I disagree with those statements.

Plenty of good reasons could exist to wear one's hat at a table.

For instance, no place might exist to put the hat that will be safe for it. At most lunch counters I go to, residue of food from previous customers is all over the tables.

When food residue is not present, the table is instead covered with cleaning agents from when the staff wiped down the tables.

Even when the aforementioned issues are not in play, the table will be rife with all kinds of bacteria that would infest my hat were I to place it upon such a cesspool.

To subject a good hat to any such abuses would, in my opinion, be unfathomable.

Putting one's hat on a chair is hardly better. The food residue might not be as prevalent on the chairs, but then the hat is instead laid upon bacteria which has emanated from the buttocks' of countless previous customers.

In my opinion, for reasons such as those aforementioned, if an establishment does not provide suitable hat storage space, then no one at that establishment should have any cause to be offended if a hat owner wears his hat. For such an establishment to expect a hat owner to put a $400-1000+ new hat (the typical price of quality these days) and/or irreplaceable vintage hat in harm's way in order to pander to their inability to accommodate it is egregiously disrespectful to the hat owner, and therefore an unreasonable expectation.

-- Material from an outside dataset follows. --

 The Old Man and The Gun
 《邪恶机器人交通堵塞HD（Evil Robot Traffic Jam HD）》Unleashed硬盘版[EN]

But thankfully, in my experience, most eating establishments do not care at all if I (or others) wear my (or our) hat(s) while eating (granted, I do not ever eat at what would be considered high-end restaurants). Although HudsonHawk says that wearing a hat at a table is disrespectful, I argue that it is not, because if no one is actually feeling disrespected - as indeed they don't when I and others wear hats while eating at tables - then disrespect does not actually exist in those moments.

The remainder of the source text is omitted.